> _Exercise_:
Return an exact copy of the lines from the one holding "Bape Color Camo" to the end of the data, including both the starting and final lines. Leave the pictures out.

Stored entries
Content starts

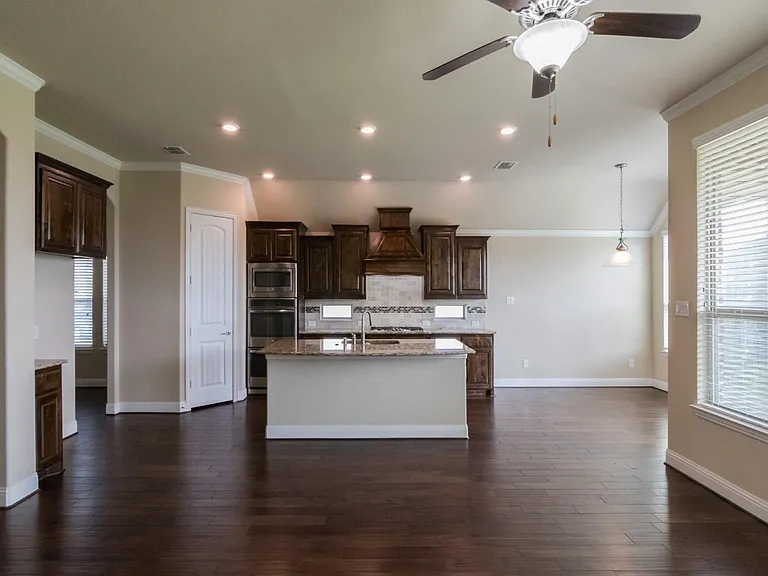 313 Wyndale Ct — Photo 10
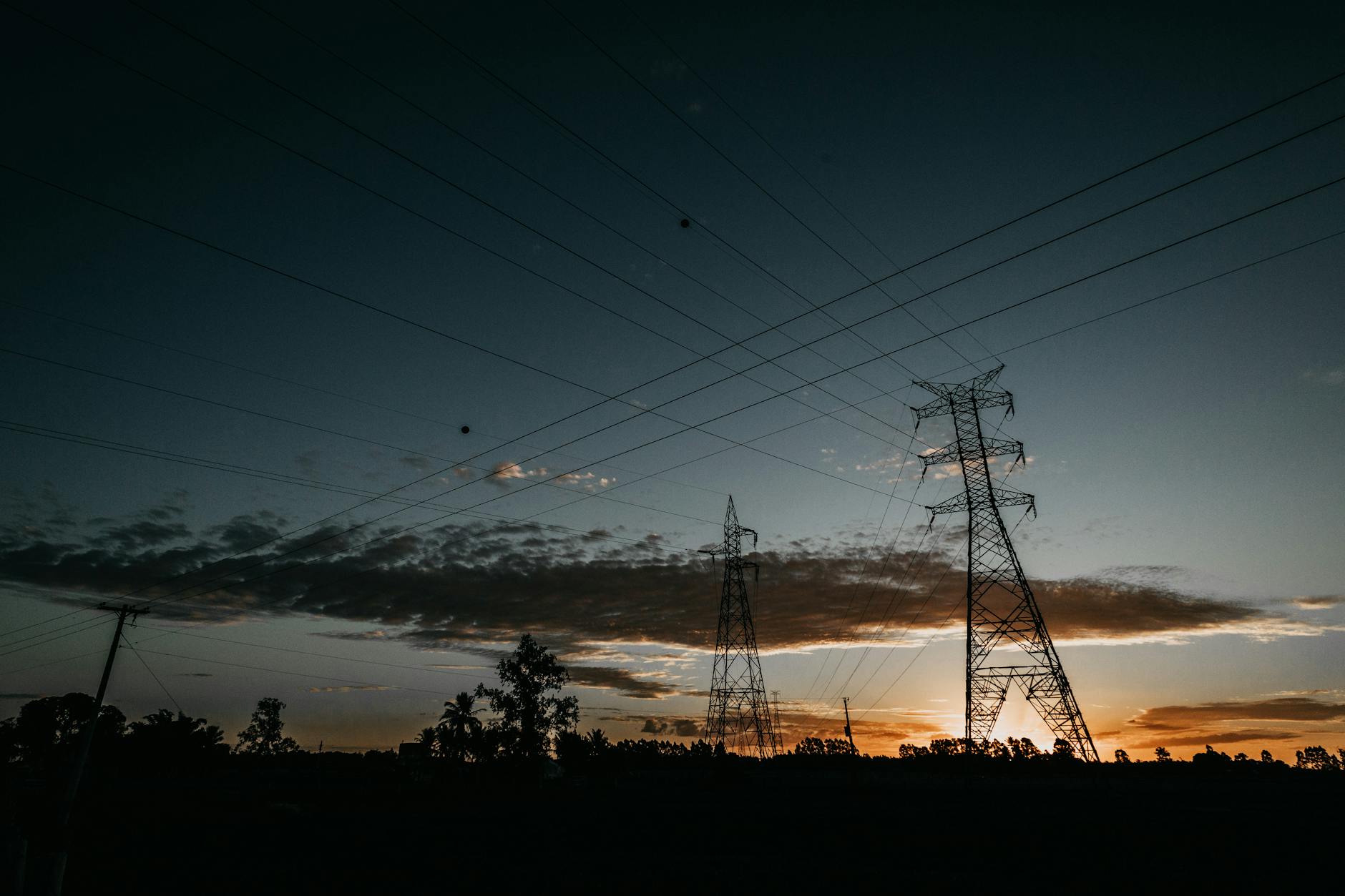 How Do Duke Energy and Dominion Energy Stack Up in Today's Utility Market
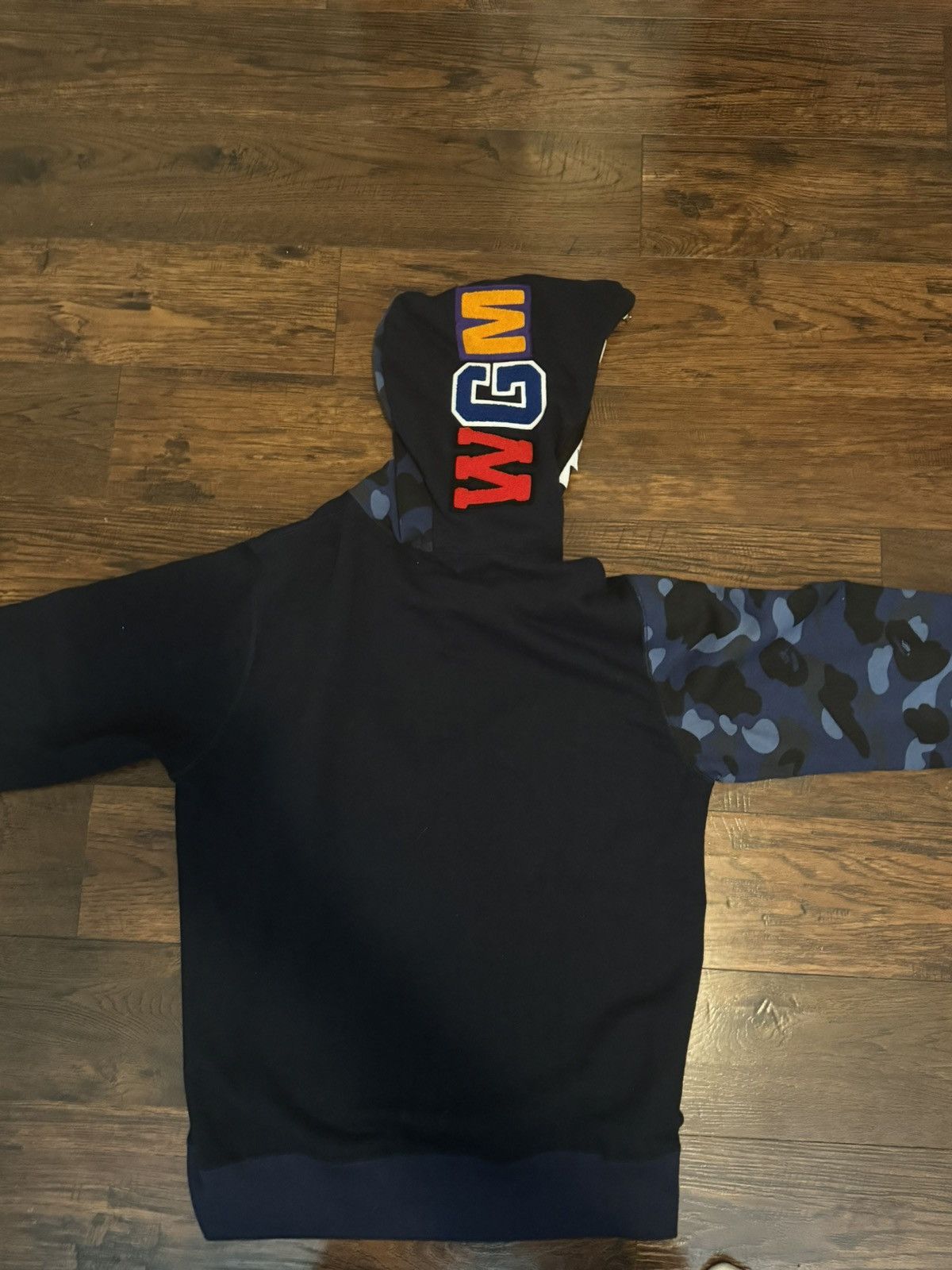 Bape Color Camo Shark Full Zip Hoodie Size US XL / EU 56 / 4 - 2 Thumbnail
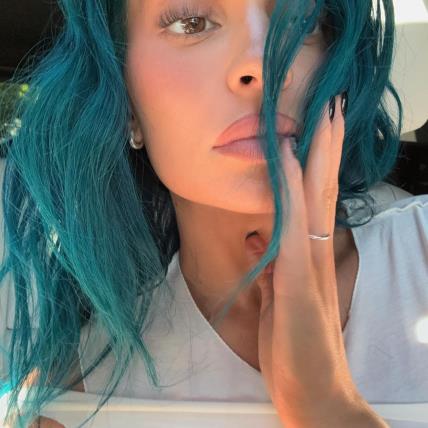 Kylie Jenner s plavom kosom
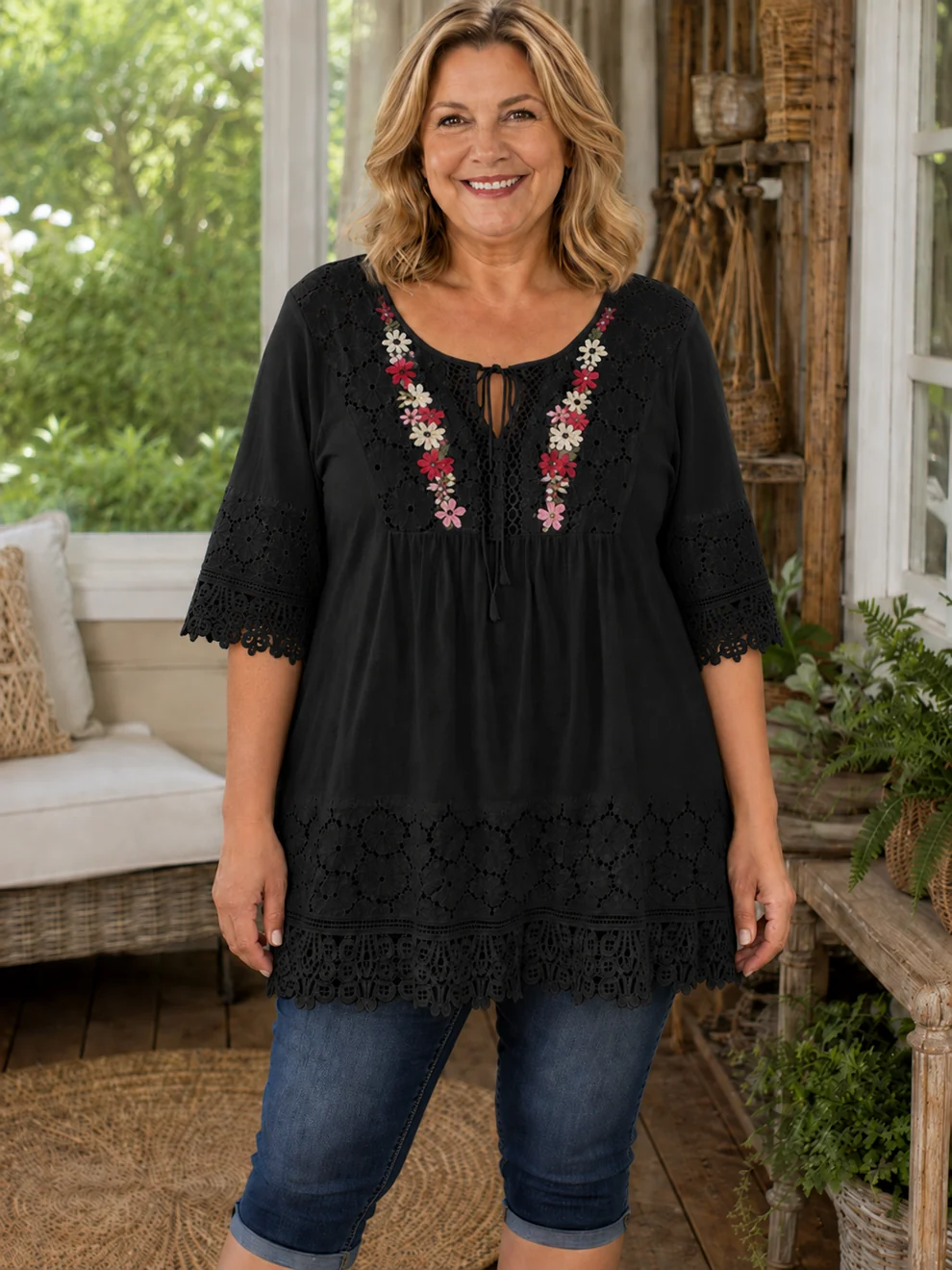 Tuniek in grote maten van katoen en linnen, in boho-stijl met bloemenmotief en geborduurd kant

Content ends

> _Output below_:
 Bape Color Camo Shark Full Zip Hoodie Size US XL / EU 56 / 4 - 2 Thumbnail
 Kylie Jenner s plavom kosom
 Tuniek in grote maten van katoen en linnen, in boho-stijl met bloemenmotief en geborduurd kant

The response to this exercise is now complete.